Media sosial seperti facebook, Instagram dan TikTok telah menjadi platform penting untuk memperkuat proses berdemokrasi di daerah kita. Ketiganya memberikan ruang bagi masyarakat untuk lebih aktif dalam berpartisipasi, menyuarakan pendapat, dan mengakses informasi. Selain itu, Facebook, Instagram dan TikTok juga dapat menjadi sarana utama untuk kampanye politik, mobilisasi massa, dan diskusi politik yang lebih terbuka dan bebas. Ironisnya, ketiganya juga menjadi arena pertarungan isu besar untuk saling menjatuhkan lawan dengan propaganda politik, penyebaran hoaks yang dapat memanipulasi opini publik, disinformasi, dan ujaran kebencian yang dapat memecah belah masyarakat dan membentuk polarisasi sosial dan politik yang bisa merusak integritas berdemokrasi kita di H-3 pelaksanaan PILKADA tahun 2024.

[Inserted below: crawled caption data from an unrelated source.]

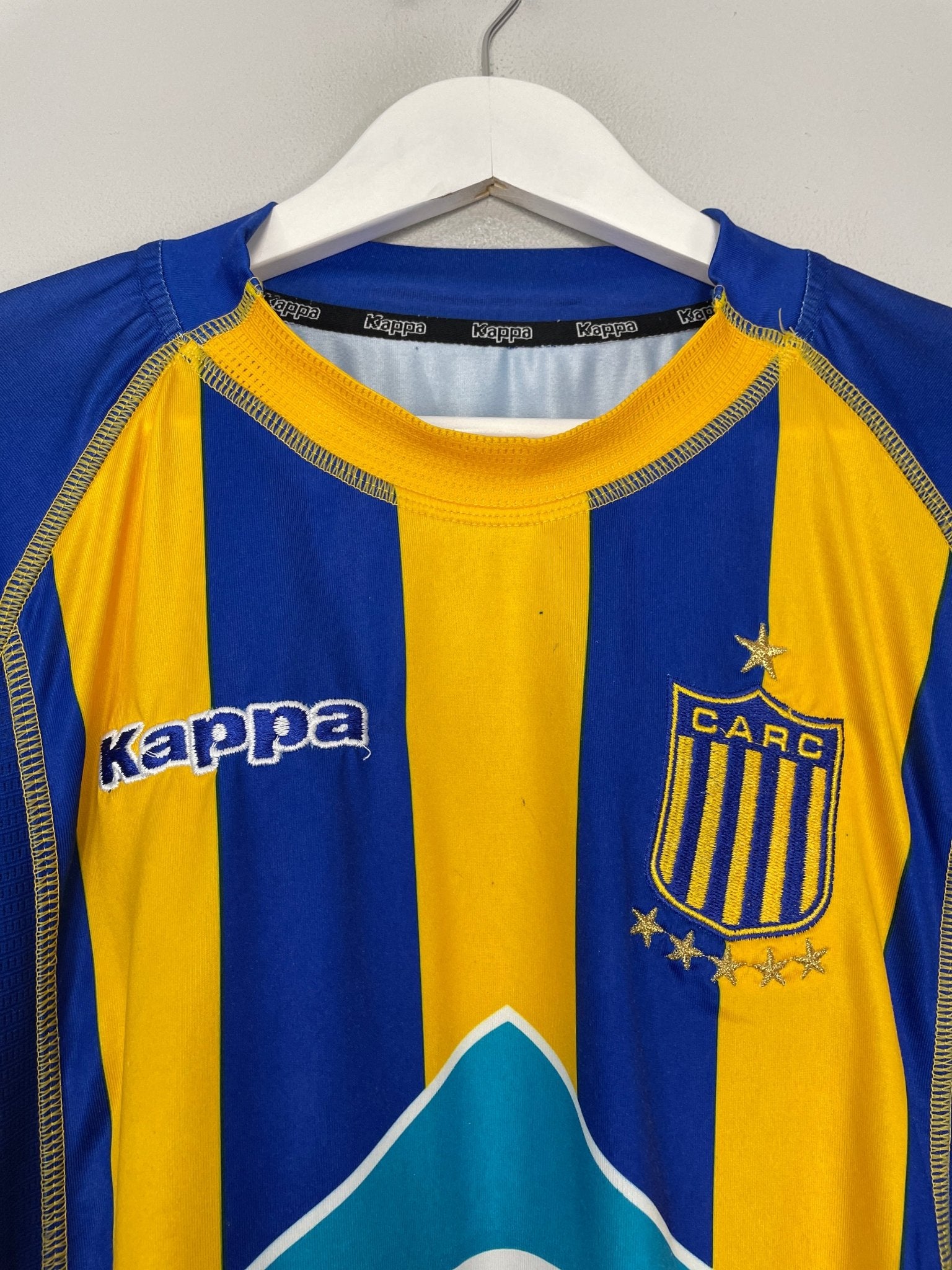 Shop 2006/07 ROSARIO CENTRAL HOME SHIRT (L) KAPPA, classic football shirts, vintage football shirts & retro soccer jerseys at Cult Kits
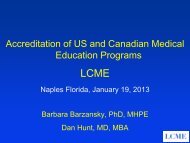 Liaison Committee for Medical Education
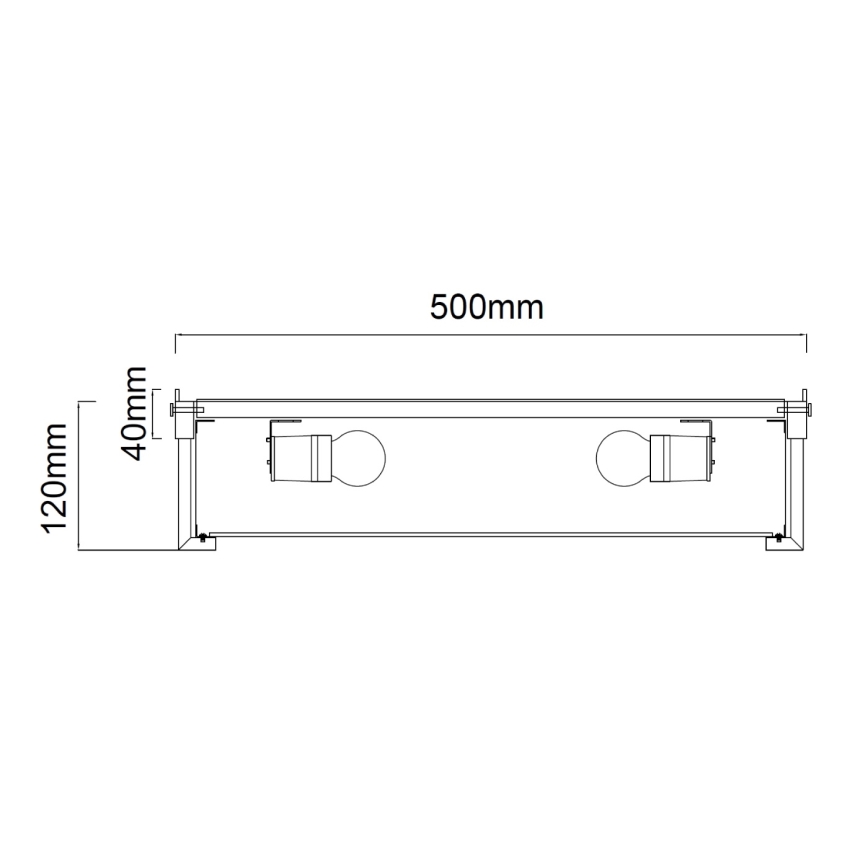 Open Design OR84931 - Stropna svetilka ROMI 4xE14/12W/230V, premer 50 cm, medenina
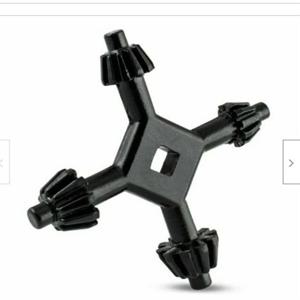 4가지 도구가 하나로 통합된 범용 척 키 어댑터 - 자동차/정비 작업용 소형 스패너, 소켓 래칫 및 렌치 세트 ​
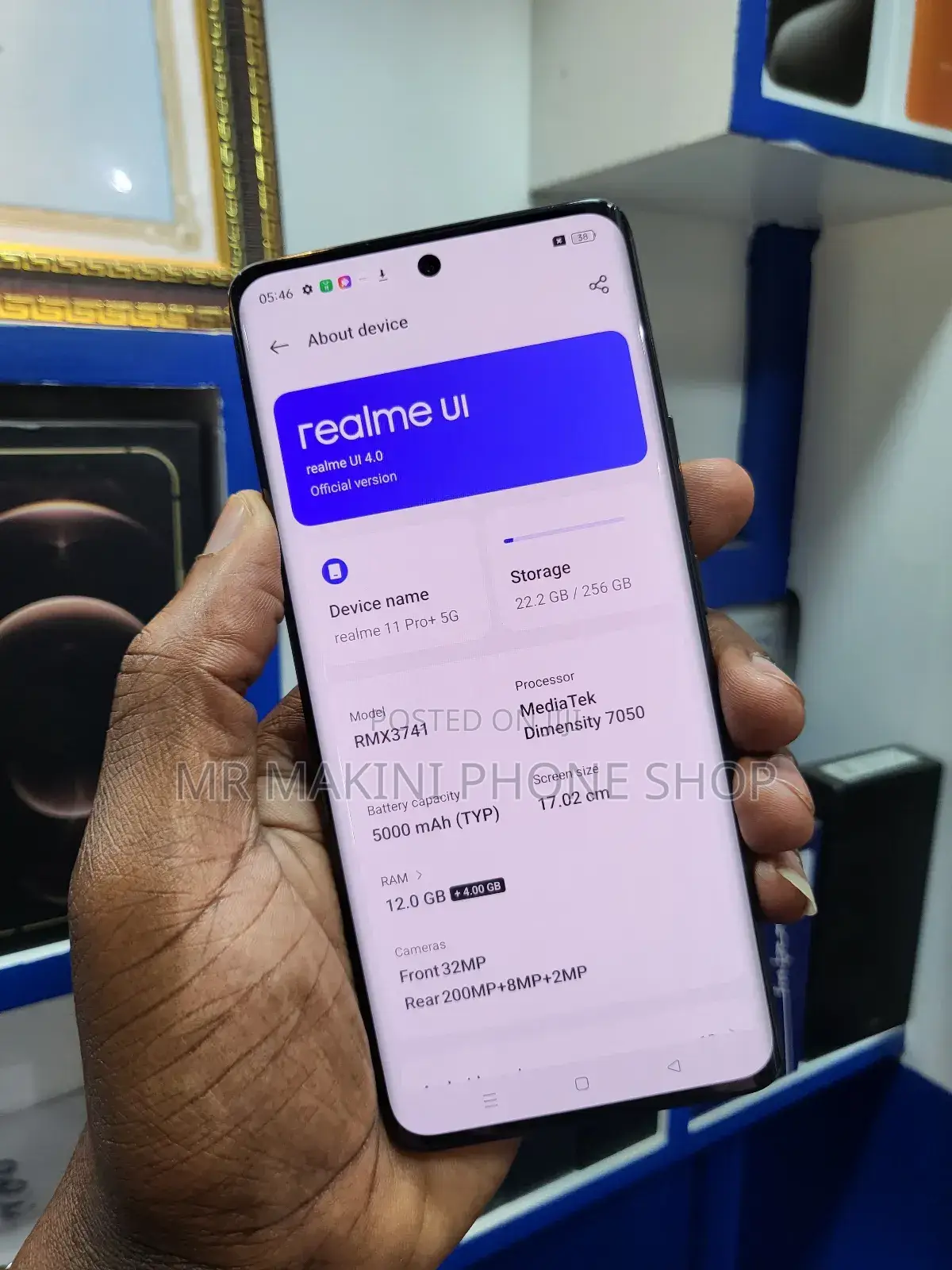 Realme 11 Pro+ 256 GB Black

Politik bising, terutama ketika dikaitkan dengan perpecahan ideologis yang tajam, dapat menyebabkan kekerasan fisik antara pendukung yang berseberangan. Aksi protes yang brutal atau serangan terhadap kandidat dan/atau pendukungnya bisa terjadi sebagai akibat dari ketegangan yang dibangkitkan dalam suasana politik yang penuh kebencian.

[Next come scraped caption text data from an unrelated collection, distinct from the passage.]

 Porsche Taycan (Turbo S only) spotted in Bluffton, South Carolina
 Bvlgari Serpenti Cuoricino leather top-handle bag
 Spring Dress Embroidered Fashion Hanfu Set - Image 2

Secara keseluruhan, sisi gelap politik bising mengarah pada kerusakan hubungan sosial dan berpotensi merusak kualitas demokrasi. Untuk mencegahnya, penting bagi kita semua untuk kembali pada prinsip-prinsip dasar demokrasi yang sehat, yang mengedepankan dialog dan diskusi rasional, penghargaan terhadap perbedaan, dan komitmen terhadap kebenaran dan fakta karena keberadaan media sosial memungkinkan masyarakat yang sebelumnya terpinggirkan untuk memiliki suara yang lebih besar dalam menentukan arah politik daerah kita.